The big winner of “Fashion Star,’’ will have his or her line sold in all three stores, a contract - the show boasts - is worth over $6 million.
“I don’t want to find the next great designer,’’ says Macpherson. “I want to find the next great fashion icon.’’
Take that, Michael Kors.
“Fashion Star’’ is the “American Idol’’ of clothes. A live audience watching the shows applauds, ooohs, and aaahs as the models sashay in quick succession. They also react to design critiques. The robust soundtrack is not the generic electronic thud of “Runway,’’ but songs by Lady Gaga and Ke$ha. There are swooshes of steam, pyrotechnics, and, most notably, a catwalk loaded with a lot of instant gratification. After each designer presents a collection, buyers from the three stores bid to sell it or offer no bids. And the cycle begins again.

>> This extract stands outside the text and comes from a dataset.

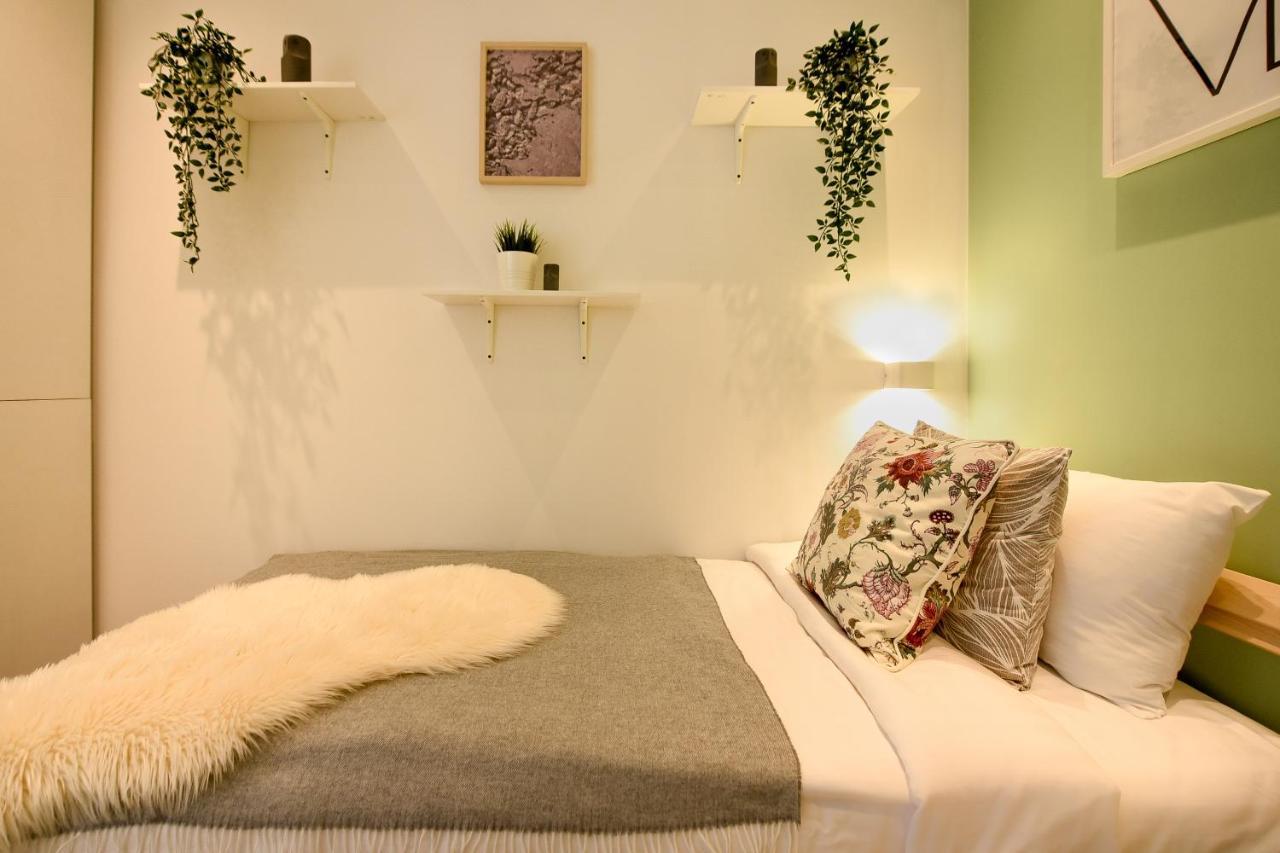 Spacious 1Br In The City Center - Amazing For Extended Stays Bükreş Dış mekan fotoğraf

The three mentors offer quick snippets of advice in the rarely seen workroom, and then again after each runway show. Nicole Richie, a minor figure in fashion, seemed like a baffling choice as a judge but gives intelligent feedback. Menswear designer John Varvatos offers a more realistic view of the fashion market, and Jessica Simpson seems to like everything and everyone.
The clothes then go before the three buyers. If the show survives, its true star should be the cranky, no-nonsense, and endlessly articulate Saks buyer Terron Schaefer. He is the South American equivalent of Simon Cowell, and he gets the delicious pleasure of delivering the line: “You are not our fashion star.’’

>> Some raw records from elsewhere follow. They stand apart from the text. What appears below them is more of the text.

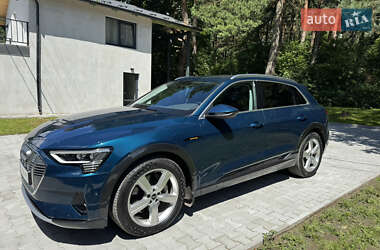 Внедорожник / Кроссовер Audi e-tron 2021 в 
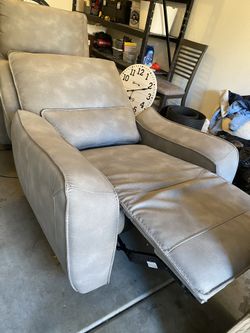 American furniture warehouse online recliners on sale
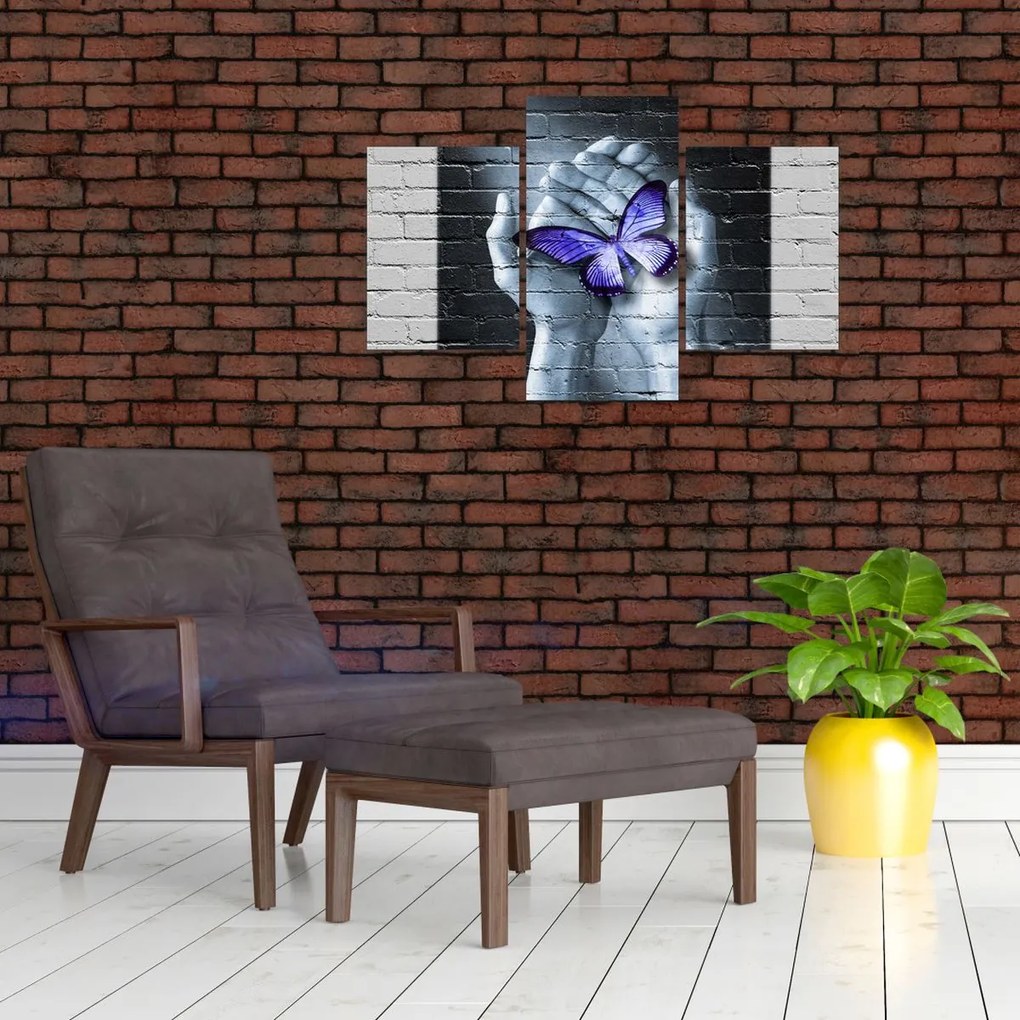 Tablou - Fluture violet pe perete (90x60 cm)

But for all its flash, “Fashion Star’’ lacks the heart of “Runway.’’ It’s all moving so quickly that the challenge of the week seems muddied by the pace. There is no sense of the design process. We barely see these contestants sew. There are pattern makers and fabric cutters for these tasks. There is also no feel for how long the contestants have to complete the challenges.
With this choppy pace, “Fashion Star’’ lacks heroes and villains - at least in the first two episodes. But what it lacks in Gunn power, it makes up for in sheer visual gloss. It is a network, big-budget take on the fashion world. Which means no one necessarily cares about landing a show at Lincoln Center. These designers will immediately become mass market commodities, as opposed to the “Runway’’ winners, who have traditionally had a difficult time reaching a wide audience - save for season five winner Christian Siriano.
Though “Fashion Star’’ is created for an audience with the attention span of a cricket, the show is addictive. It is a smartly conceived look at the populist side of fashion. These are fantasy fashion shows with bigger-than-life prizes. And isn’t the world of fashion really about fantasy anyway?